Merrin questioned why the project will take so long and why Hall didn't push harder to improve the customer experience and unemployment systems when she took over the department in early 2019.

“My question to you, knowing that a solution is a couple of years off, why didn’t you take prudent steps — you and your staff — to at least improve and update the current system that every Ohioan has to live with the next couple of years,” he said.

Hall said the unemployment office has been working hard to catch up and keep up with demand and claims.

The office added claim adjudicators and the call center, which expanded its hours, now has 1,250 full- and part-time staff, she said.

The office added a new feature that allows some callers to schedule a call back time. There is now an online virtual assistant and the office implemented a variety of IT improvements, Hall said.

Hall said the state is working on providing a tool that allows some claimants to file their weekly claims via text on their mobile phones.

Hall said about 7.3% of unemployment claims received since the start of the pandemic are still pending, more than half of which were filed since early May. She estimates there are about 83,200 pending claims.

The vast majority have issues that require investigation, such as identity verification, over payments and prior claim issues, she said.

Earlier this month, multiple people provided testimony in support of H.B. 614 after they say they experienced serious problems with the unemployment system.
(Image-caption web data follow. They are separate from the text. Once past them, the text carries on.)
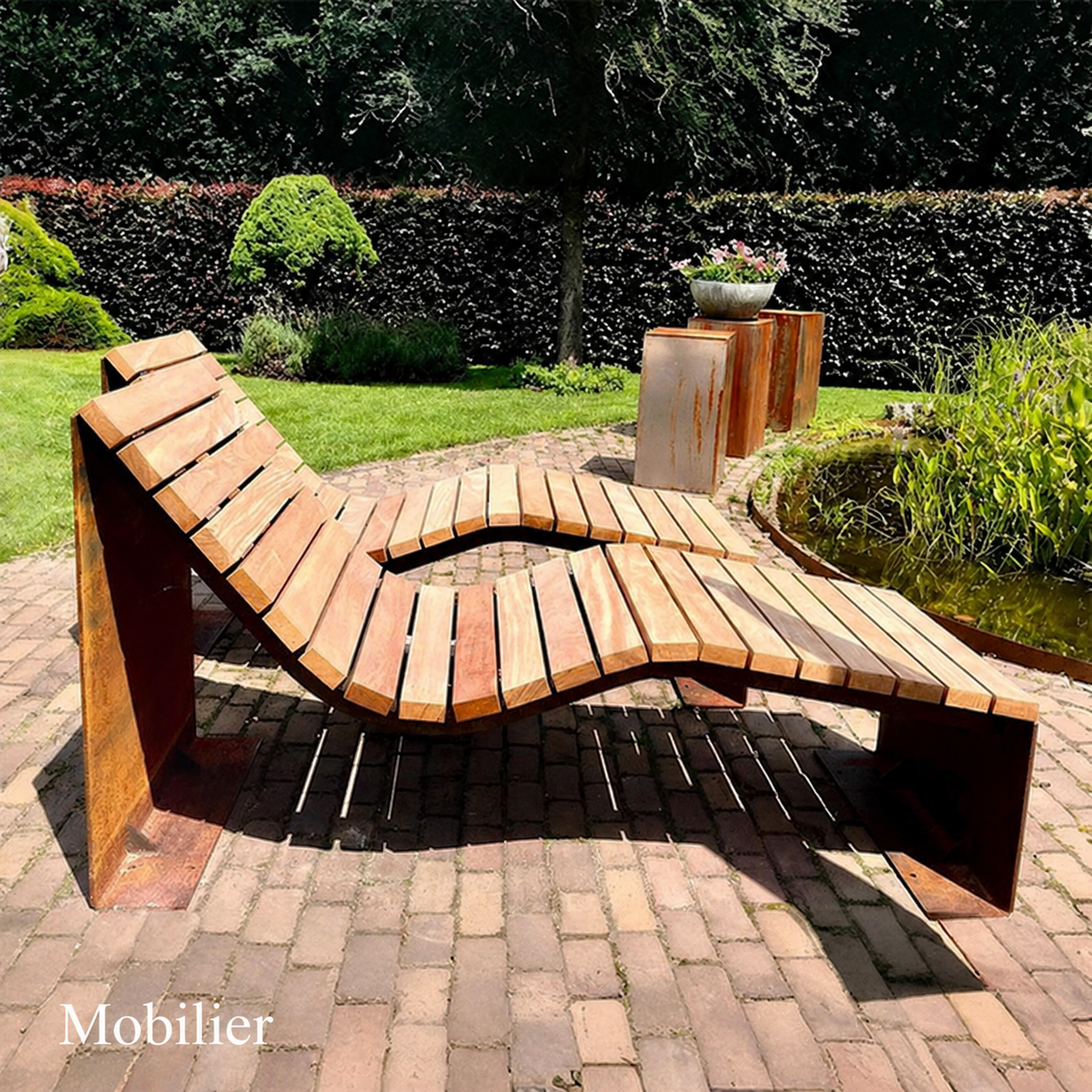 Chaise longue aux lignes courbes fabriquée en acier Corten avec une assise en bois dans un jardin paysager.
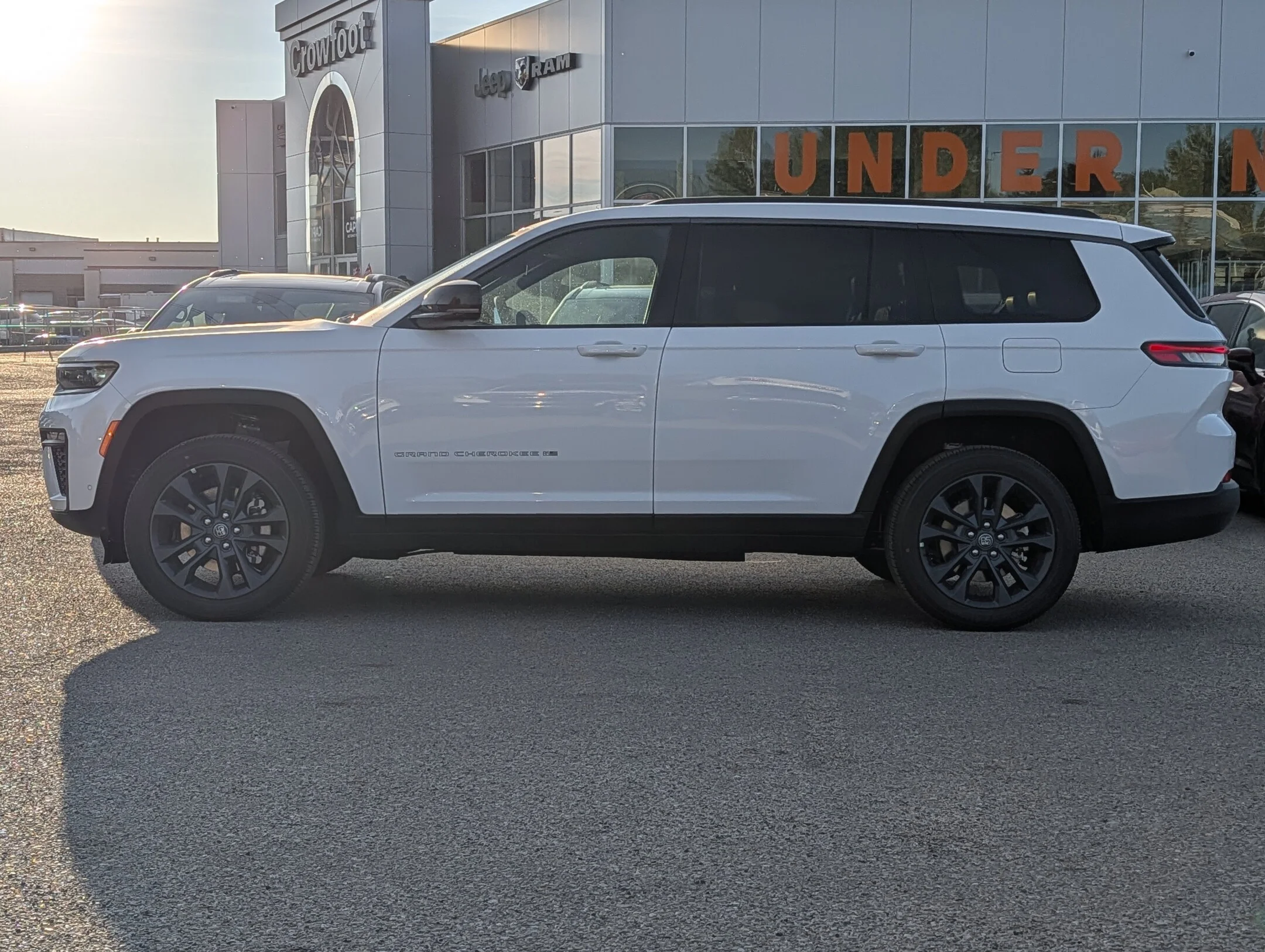 New 2026 White Jeep 85th Anniversary - - Pkg 2C7 - CommandView Pano Sunroof - 2nd Row Captains - Trailer Tow & More! image 5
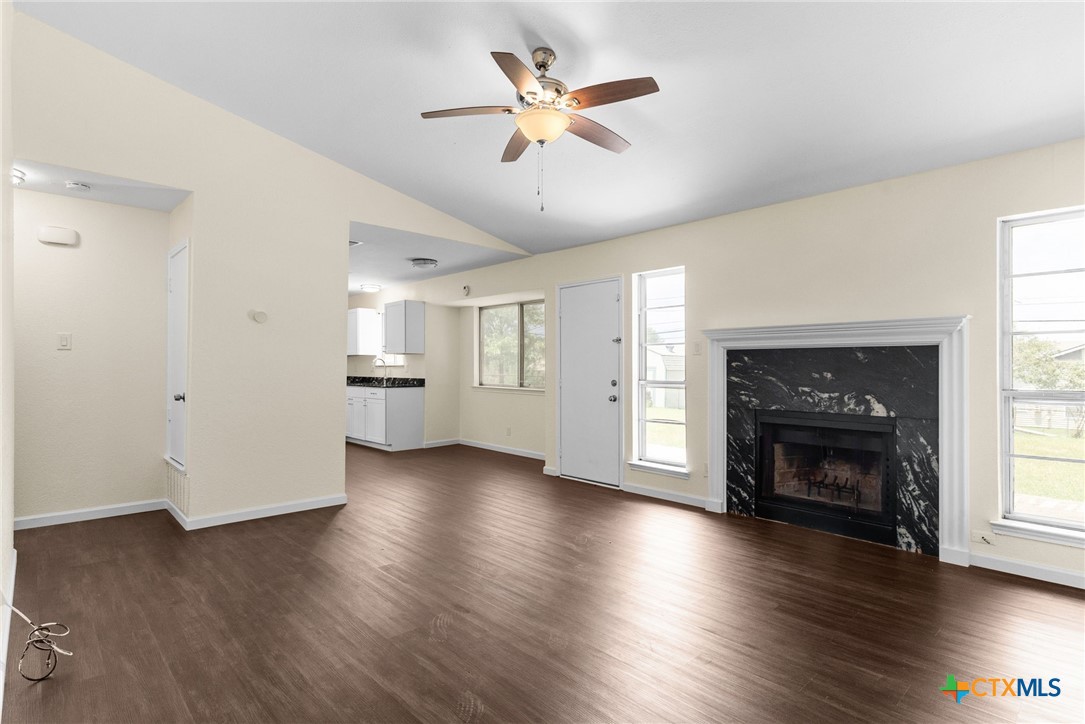 2013 Hinkle Avenue Killeen, TX 76549 - Photo 2 of 13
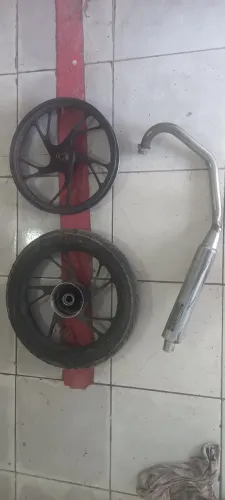Vendo escapamento e aro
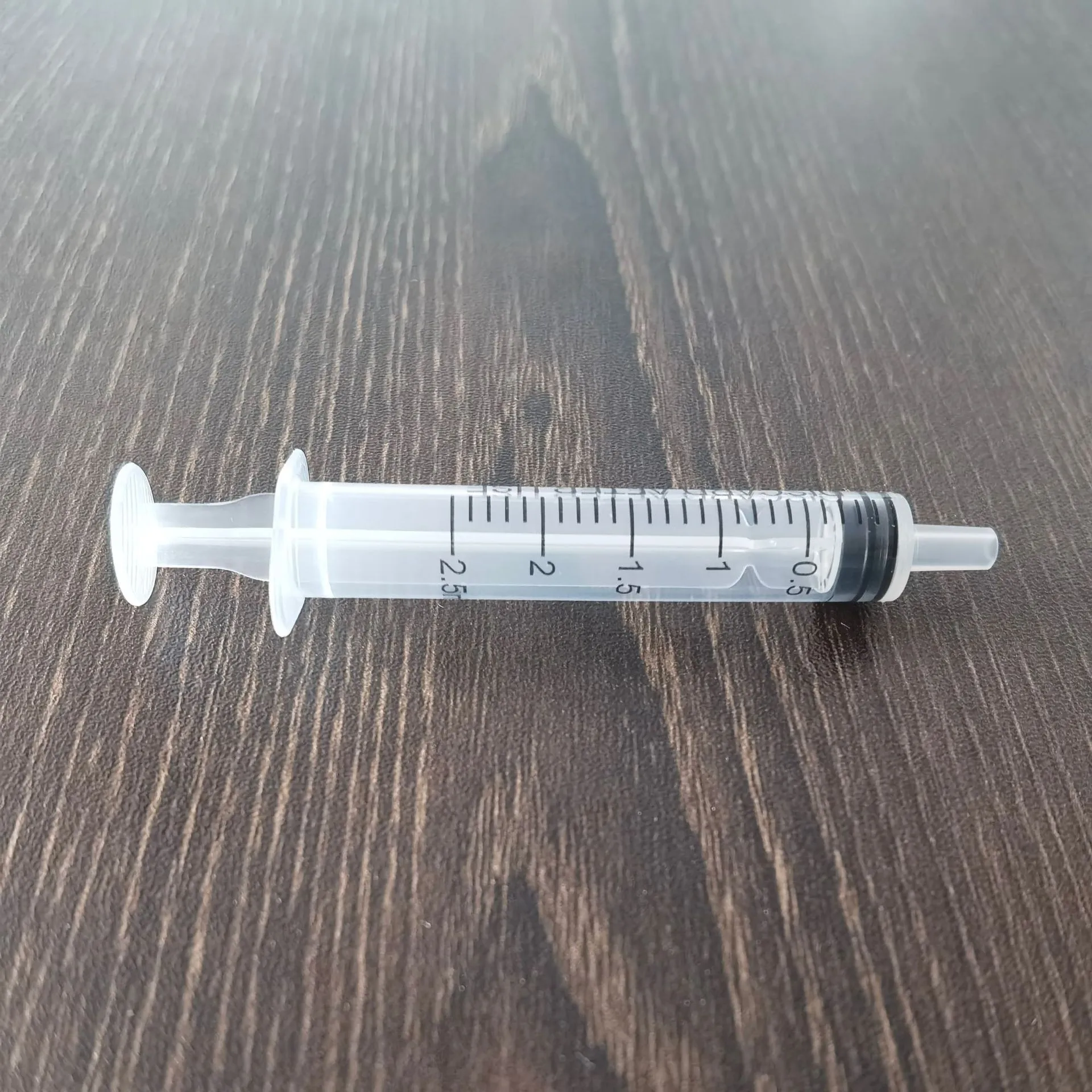 1/2/2.5/3/5ml plastic Disposable Plastic Syringe Needles Injection Syringe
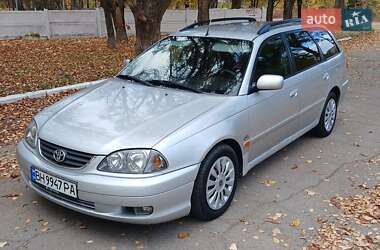 Универсал Toyota Avensis 2001 в Синельниково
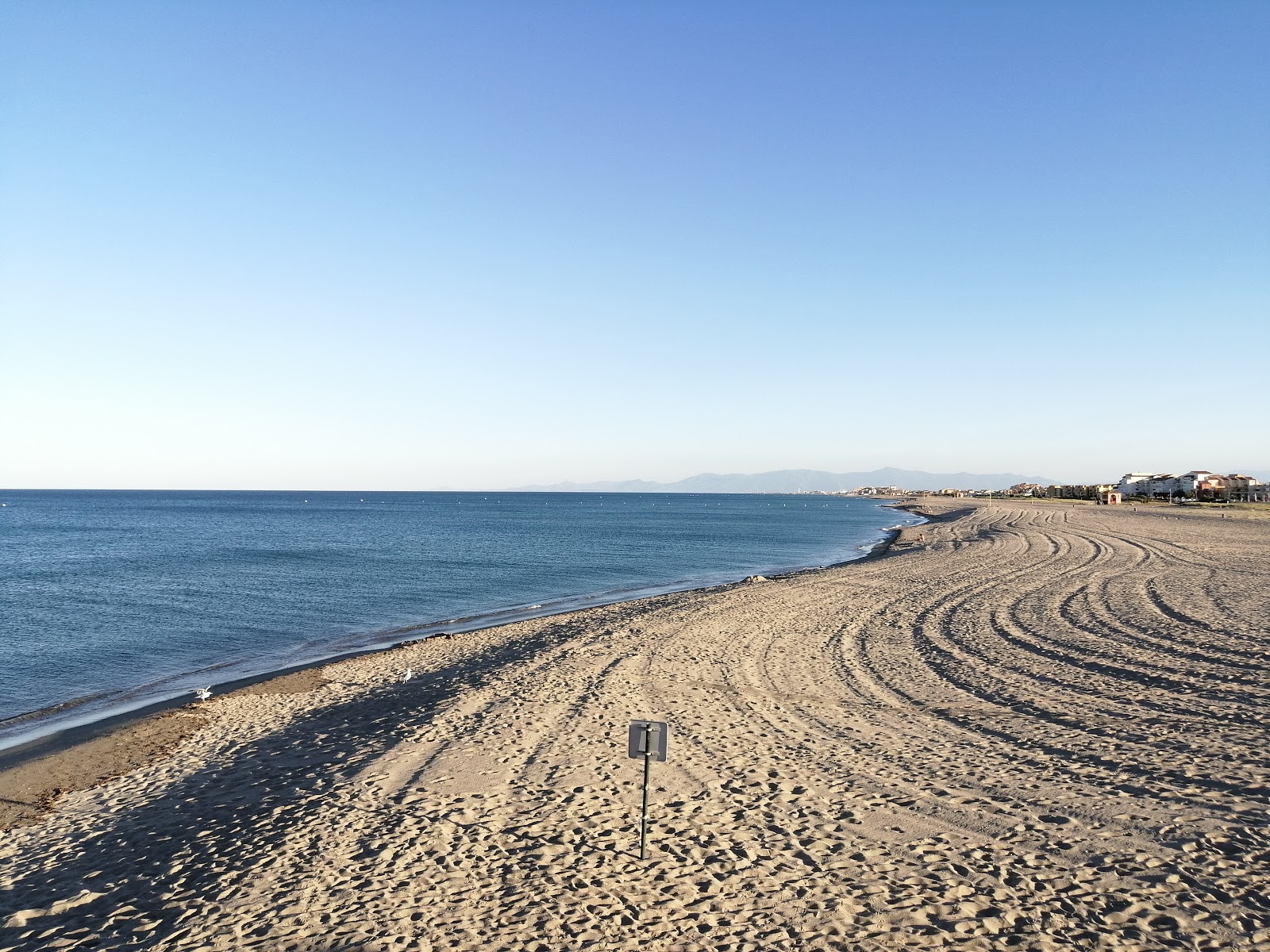 Photo of Port Leucate beach with long straight shore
Harrison worker Micheall Reed said he has unsuccessfully tried to get a hold of the unemployment office since April 8.

“I go through the prompts, it says ‘we’re extremely busy, try another time,’ and it hangs up,” he said.

Breanna Holland, a 23-year-old Marysville resident, said she spent three weeks trying get reach the unemployment office by phone and through its website after her employer closed and she was put out of work.

“I spent all day everyday calling and calling and calling ODJFS. I could not reach a person. I could not leave a message. There was no call queue,” she said.

Holland said she only got through and started receiving payments after asking her state representative for help.

Rep. John Rogers (D-Mentor-on-the-Lake), the ranking member of the Ways and Means Committee, said the unemployment office has to do a better job communicating with its clients, especially after they weren’t allowed to work because of the government’s orders and lockdown.

“We need to do a better job of responding to people when they look to us for help,” he said.